──────── PROVIDED ENTRIES ────────
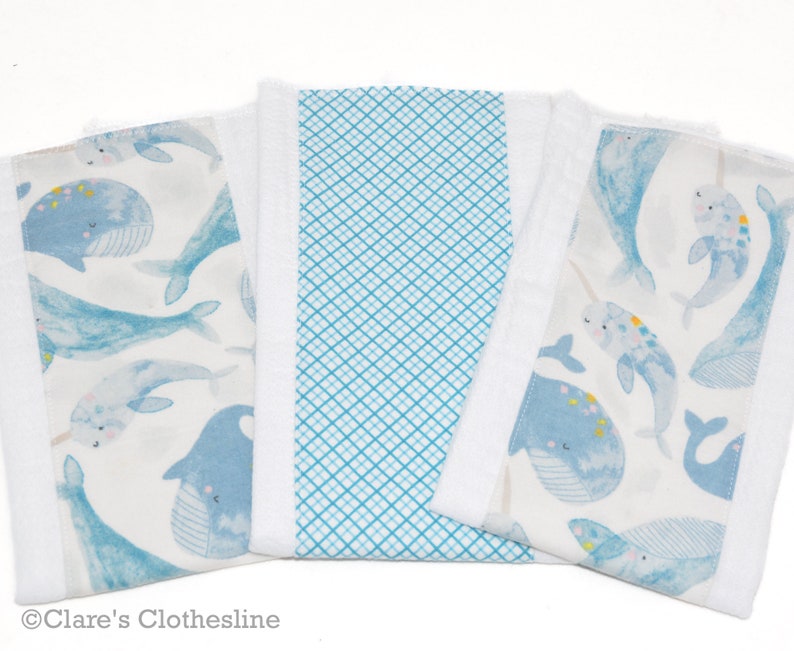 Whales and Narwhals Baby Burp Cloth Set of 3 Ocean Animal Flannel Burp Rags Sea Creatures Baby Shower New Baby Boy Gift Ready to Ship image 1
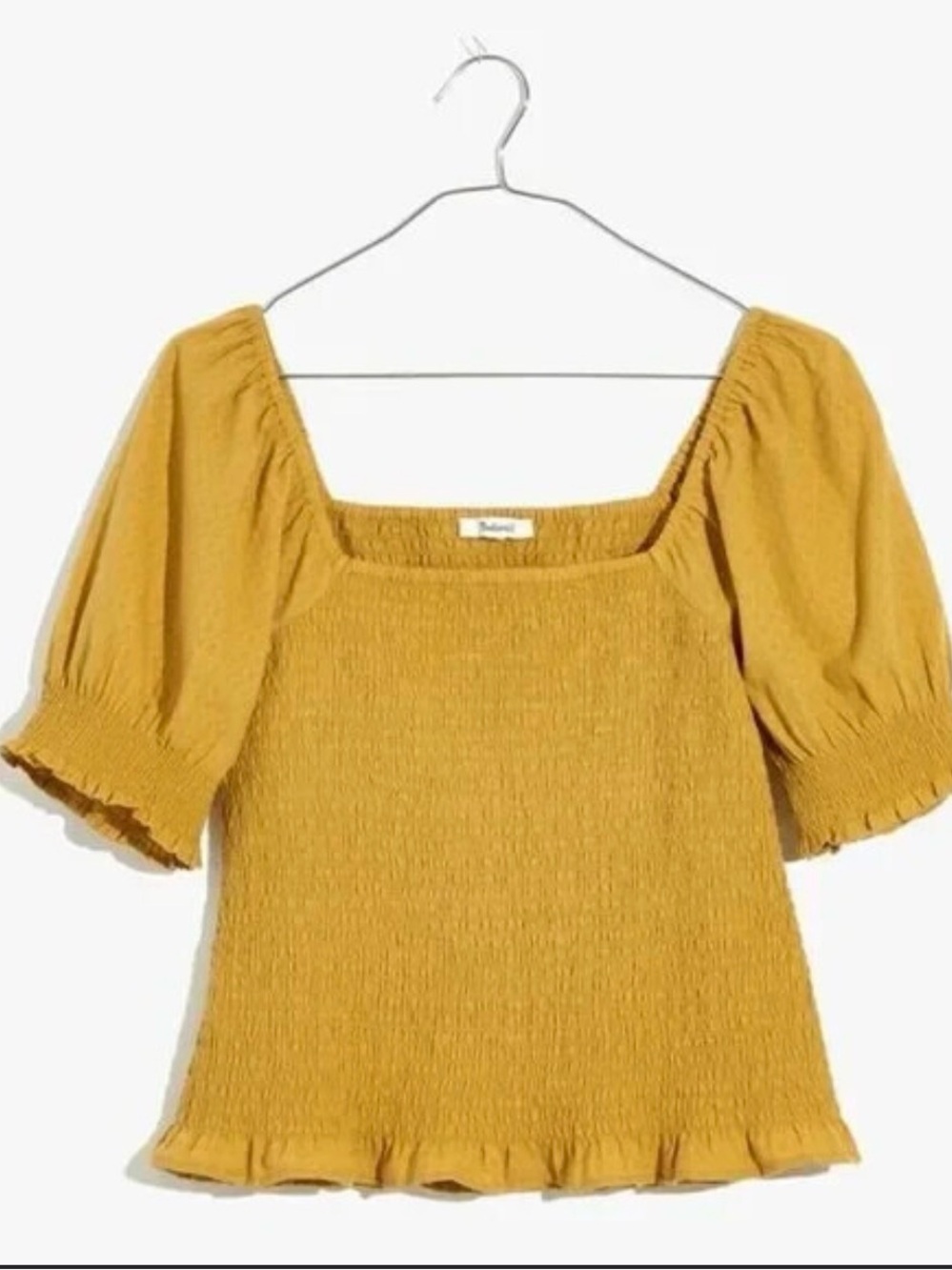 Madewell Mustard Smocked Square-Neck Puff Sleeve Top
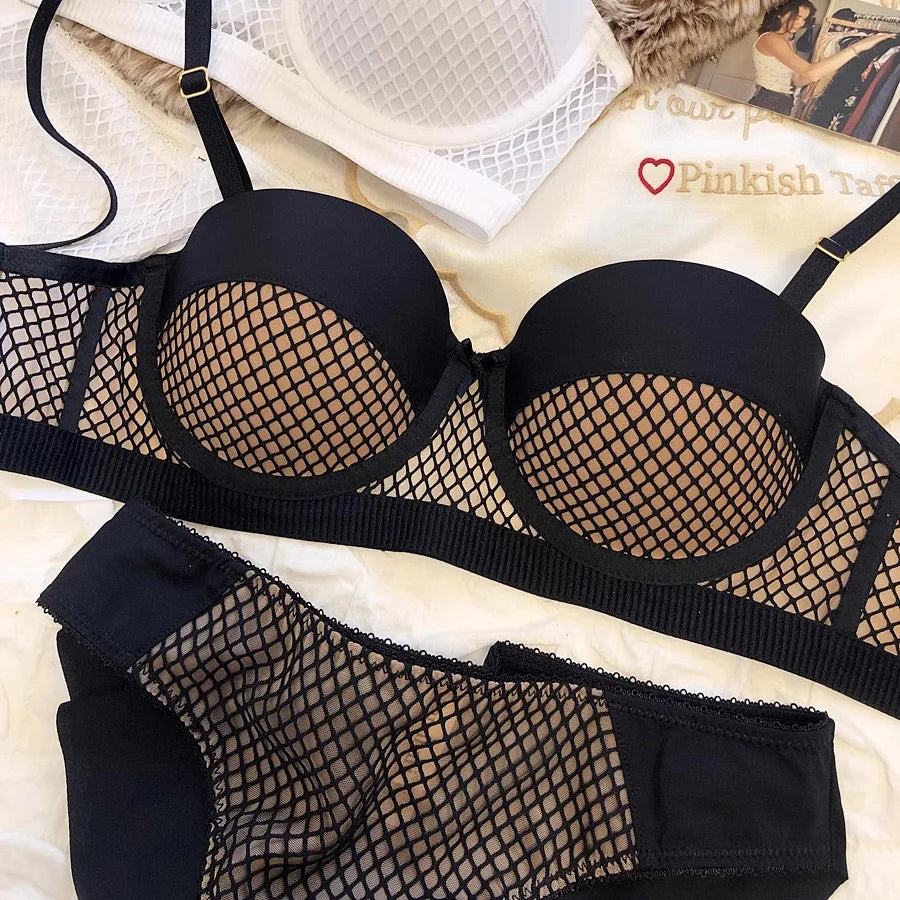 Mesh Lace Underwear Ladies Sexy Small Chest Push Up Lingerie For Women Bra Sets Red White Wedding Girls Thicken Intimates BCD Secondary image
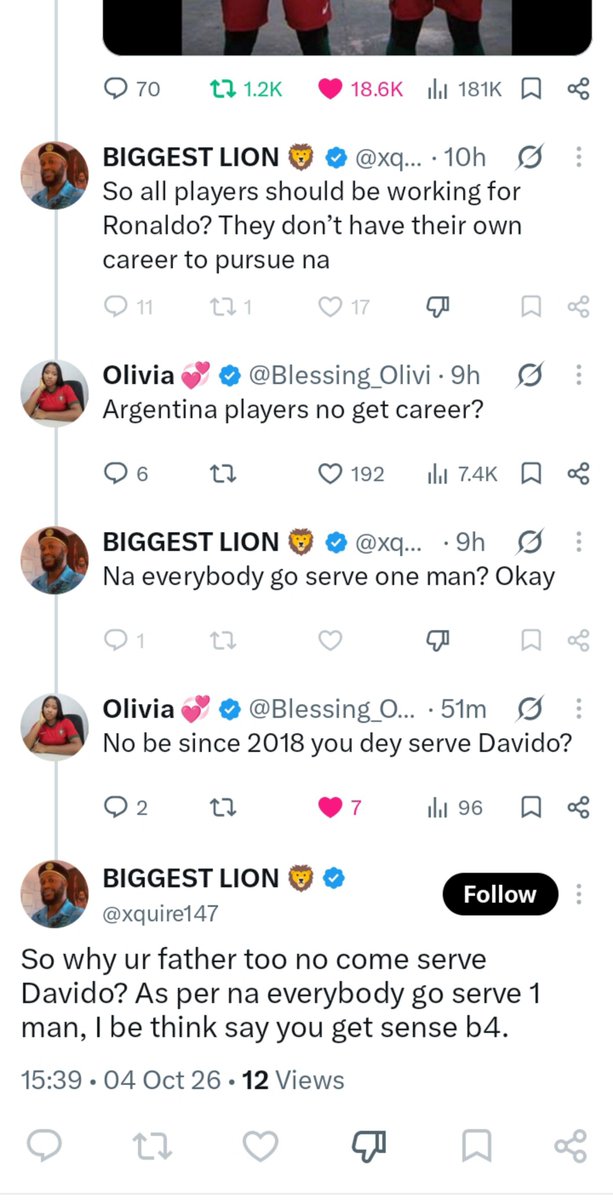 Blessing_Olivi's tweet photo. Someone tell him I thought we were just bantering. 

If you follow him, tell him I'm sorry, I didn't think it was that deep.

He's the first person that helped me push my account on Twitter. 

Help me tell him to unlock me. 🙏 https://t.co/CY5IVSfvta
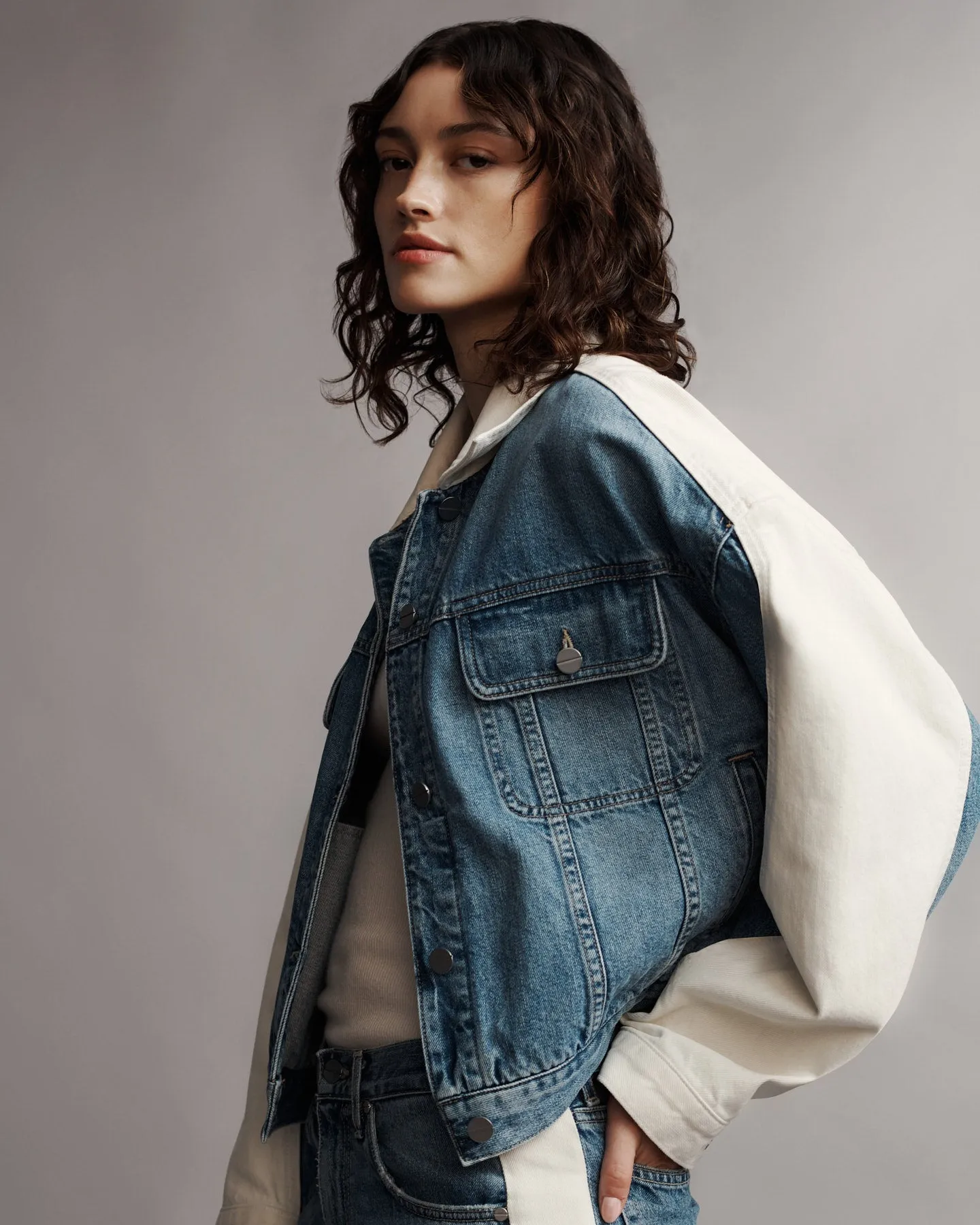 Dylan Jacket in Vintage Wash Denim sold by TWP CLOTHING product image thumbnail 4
────────
TASK OBJECTIVE: Only the lines containing the word "that" should be returned from the data above.

RESULT OF THE EXERCISE:
If you follow him, tell him I'm sorry, I didn't think it was that deep.
He's the first person that helped me push my account on Twitter. 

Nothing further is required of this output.